Excerpted records Start Marker
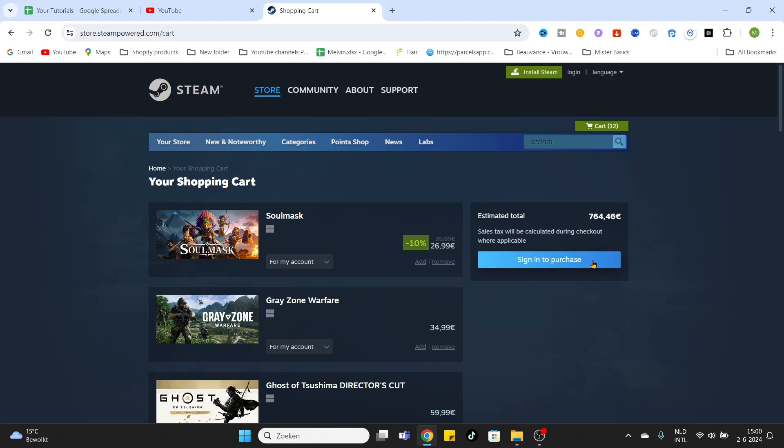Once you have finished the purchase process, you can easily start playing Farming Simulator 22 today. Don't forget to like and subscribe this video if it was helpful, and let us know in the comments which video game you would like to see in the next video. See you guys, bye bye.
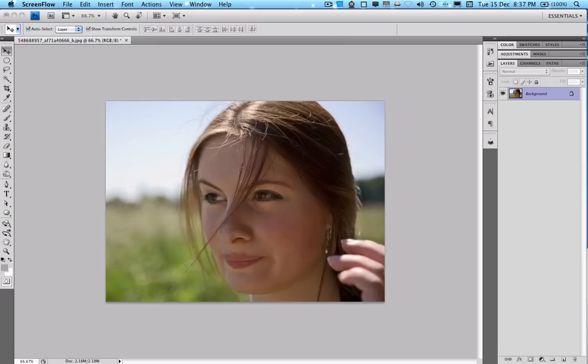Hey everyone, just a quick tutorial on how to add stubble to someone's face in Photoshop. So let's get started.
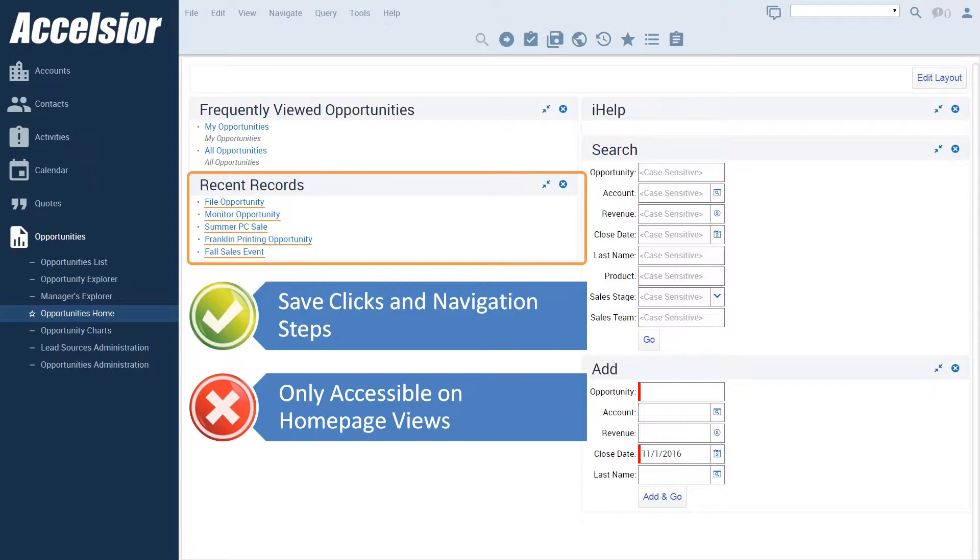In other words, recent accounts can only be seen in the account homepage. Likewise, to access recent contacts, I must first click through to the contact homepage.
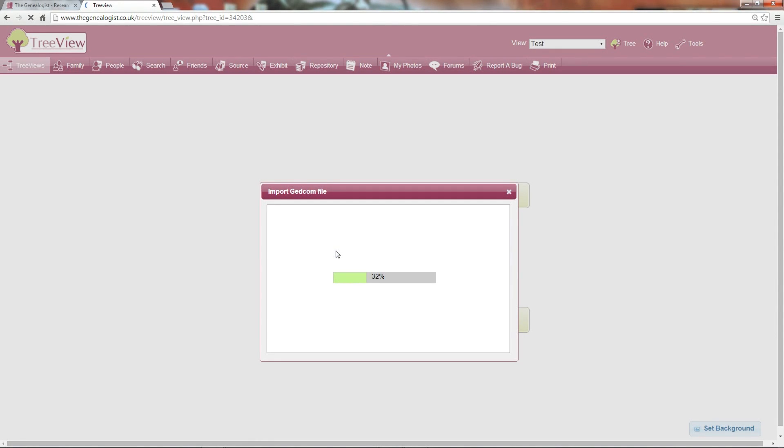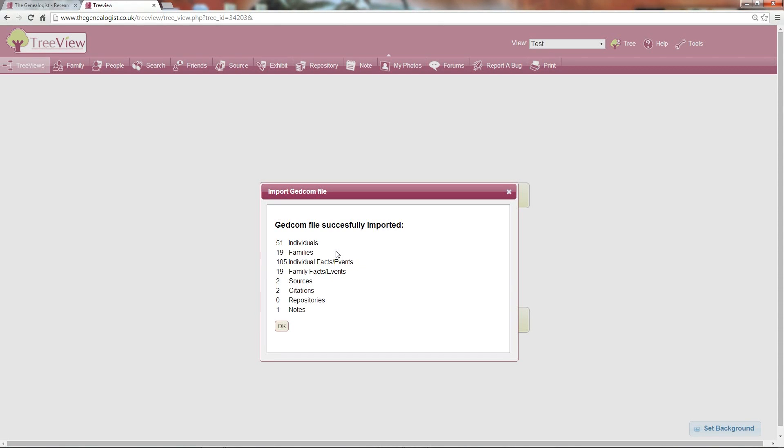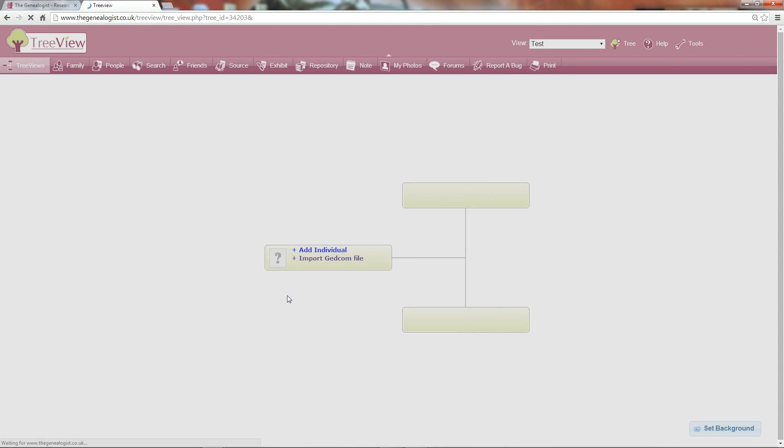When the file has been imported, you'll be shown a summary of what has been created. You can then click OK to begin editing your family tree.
Excerpted records End Marker
Excerpted records Start Marker
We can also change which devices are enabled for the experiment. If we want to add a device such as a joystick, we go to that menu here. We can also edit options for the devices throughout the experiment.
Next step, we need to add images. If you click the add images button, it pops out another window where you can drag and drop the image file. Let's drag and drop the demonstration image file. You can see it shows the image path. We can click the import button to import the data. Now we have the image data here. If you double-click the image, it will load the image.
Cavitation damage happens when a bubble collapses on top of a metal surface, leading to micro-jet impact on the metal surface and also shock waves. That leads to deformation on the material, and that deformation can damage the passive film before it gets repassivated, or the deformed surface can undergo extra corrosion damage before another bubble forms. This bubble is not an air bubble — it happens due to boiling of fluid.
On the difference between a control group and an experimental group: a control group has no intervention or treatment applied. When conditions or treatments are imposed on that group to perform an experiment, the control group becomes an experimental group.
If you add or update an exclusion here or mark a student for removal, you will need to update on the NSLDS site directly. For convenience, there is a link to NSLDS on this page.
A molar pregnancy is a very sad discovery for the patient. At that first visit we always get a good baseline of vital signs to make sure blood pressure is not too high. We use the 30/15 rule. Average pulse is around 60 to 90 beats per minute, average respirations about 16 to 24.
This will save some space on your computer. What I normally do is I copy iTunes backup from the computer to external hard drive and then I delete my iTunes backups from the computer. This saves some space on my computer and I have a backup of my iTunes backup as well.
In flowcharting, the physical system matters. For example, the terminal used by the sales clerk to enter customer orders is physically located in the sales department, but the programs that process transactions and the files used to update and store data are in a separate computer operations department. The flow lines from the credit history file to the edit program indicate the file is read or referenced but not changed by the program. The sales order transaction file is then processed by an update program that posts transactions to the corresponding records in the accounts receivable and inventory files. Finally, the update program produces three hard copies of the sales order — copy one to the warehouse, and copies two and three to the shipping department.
Excerpted records End Marker
__What to work on__. The stretch of entries above that starts with the line containing "A molar pregnancy" and goes on through the line containing "This will save" is to be transcribed exactly, and no other line is to be transcribed.

__Answer__.
A molar pregnancy is a very sad discovery for the patient. At that first visit we always get a good baseline of vital signs to make sure blood pressure is not too high. We use the 30/15 rule. Average pulse is around 60 to 90 beats per minute, average respirations about 16 to 24.
This will save some space on your computer. What I normally do is I copy iTunes backup from the computer to external hard drive and then I delete my iTunes backups from the computer. This saves some space on my computer and I have a backup of my iTunes backup as well.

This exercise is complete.